The problem >> Return all of the listing word for word; the pictures stay out.

Data extract >>
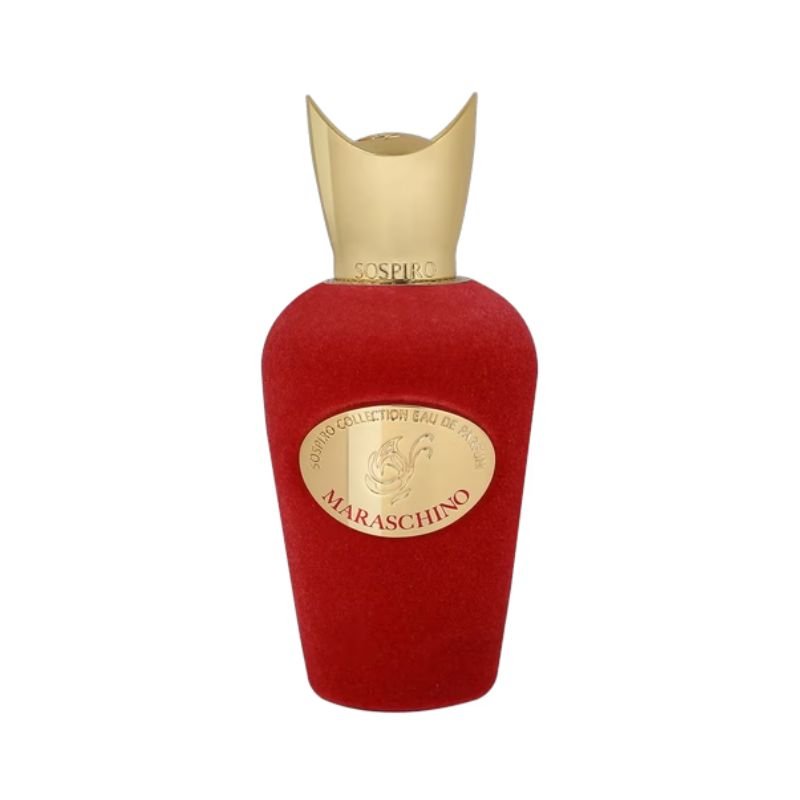 Sospiro Maraschino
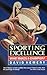 Sporting excellence: What m...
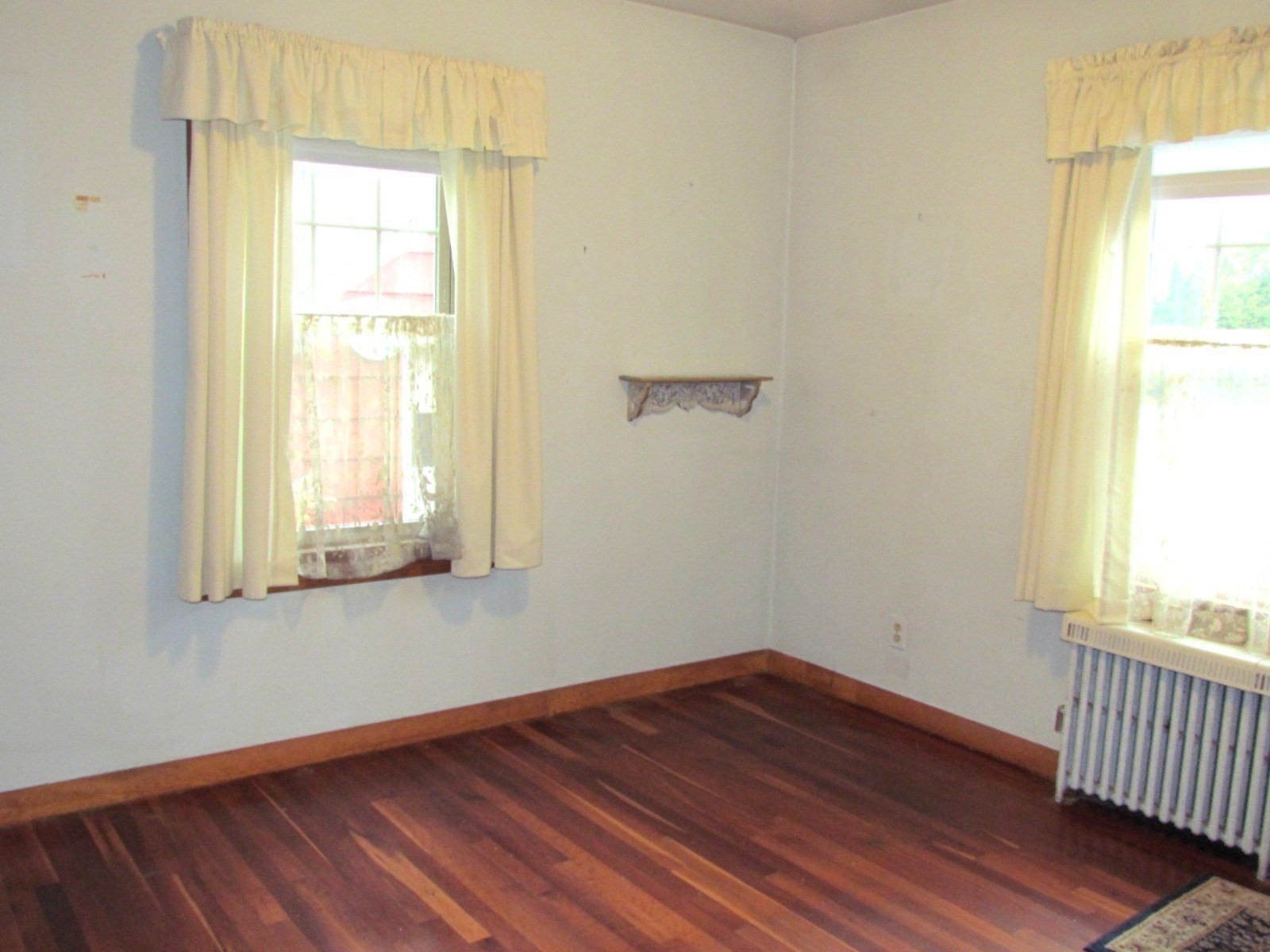 135 Temple Street, Gardner, MA 01440 - Image 25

Task response >>
 Sospiro Maraschino
 Sporting excellence: What m...
 135 Temple Street, Gardner, MA 01440 - Image 25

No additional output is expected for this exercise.